Records provided Block Start

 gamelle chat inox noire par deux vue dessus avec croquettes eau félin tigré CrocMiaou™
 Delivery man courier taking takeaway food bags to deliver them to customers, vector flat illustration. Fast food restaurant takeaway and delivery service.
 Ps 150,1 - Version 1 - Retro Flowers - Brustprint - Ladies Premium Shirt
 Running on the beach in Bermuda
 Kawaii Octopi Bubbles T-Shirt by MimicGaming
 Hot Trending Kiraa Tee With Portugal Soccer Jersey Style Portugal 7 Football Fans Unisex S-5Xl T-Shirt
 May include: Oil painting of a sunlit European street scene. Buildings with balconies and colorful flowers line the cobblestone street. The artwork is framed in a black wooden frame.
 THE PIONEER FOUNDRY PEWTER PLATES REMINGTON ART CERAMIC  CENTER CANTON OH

Records provided Block End
Records provided Block Start

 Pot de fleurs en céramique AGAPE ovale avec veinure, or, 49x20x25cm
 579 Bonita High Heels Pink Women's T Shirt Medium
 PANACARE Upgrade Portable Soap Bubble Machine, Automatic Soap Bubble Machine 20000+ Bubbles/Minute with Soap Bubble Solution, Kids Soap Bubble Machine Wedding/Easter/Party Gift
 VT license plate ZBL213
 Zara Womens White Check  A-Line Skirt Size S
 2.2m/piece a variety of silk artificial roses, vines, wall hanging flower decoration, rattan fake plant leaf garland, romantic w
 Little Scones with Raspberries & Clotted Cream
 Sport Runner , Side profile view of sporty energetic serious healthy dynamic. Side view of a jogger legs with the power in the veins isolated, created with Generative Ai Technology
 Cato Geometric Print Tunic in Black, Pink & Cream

Records provided Block End

» Required work: What lines of the data contain the string "Shirt"? List them.

» Written answer:
 Ps 150,1 - Version 1 - Retro Flowers - Brustprint - Ladies Premium Shirt
 Kawaii Octopi Bubbles T-Shirt by MimicGaming
 Hot Trending Kiraa Tee With Portugal Soccer Jersey Style Portugal 7 Football Fans Unisex S-5Xl T-Shirt
 579 Bonita High Heels Pink Women's T Shirt Medium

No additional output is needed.